Abstract

This study aims to clarify the impact of tumor size on the prognosis of patients diagnosed with thymoma and thymic carcinoma, leveraging data from a population-based registry. Utilizing the SEER database, this retrospective analysis identified patients diagnosed with thymoma and thymic carcinoma from 2000 to 2020. Propensity score matching was employed to mitigate potential statistical biases between groups categorized by tumor size (≤ 6.5cm and > 6.5cm).
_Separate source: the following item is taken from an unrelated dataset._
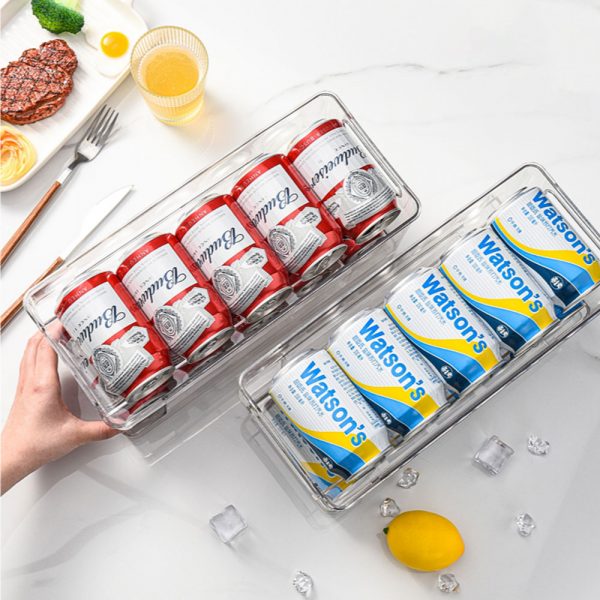 2-tier Auto Rolling Soda Can Organizer for Refrigerator Freezer - 图片 3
The study included a total of 3857 patients, comprising 2688 with thymoma and 1169 with thymic carcinoma. Multivariate analysis demonstrated that tumors ≤ 6.5cm independently correlated with improved Cancer-Specific Survival (CSS) (p = 0.001; p < 0.001) and Overall Survival (OS) (p < 0 .001; p < 0.001) in both thymoma and thymic carcinoma cohorts. Subgroup analysis revealed that smaller tumors (≤ 6.5cm) conferred survival benefits in patients with Masaoka-Koga stage IIB thymomas and stage III/IV thymic carcinomas (thymoma: CSS: p < 0.0001; OS: p = 0.00045; thymic carcinoma: CSS: p = 0.028; OS: p = 0.014). Additionally, WHO type A/AB/B1 and type B2/B3 thymomas with tumors ≤ 6.5cm exhibited superior CSS (p = 0.005; p < 0.00018) and OS (p = 0.015; p = 0.0021). Through propensity matching analysis utilizing the SEER database, this study underscores the prognostic significance of tumor size in both early-stage thymoma and advanced-stage thymic carcinoma, identifying a critical threshold of 6.5cm. In the WHO classification, tumor size based on the cut-off value of 6.5cm has a greater impact on the prognosis of type B2/B3 (high-risk group) than A/AB/B1 (low-risk group).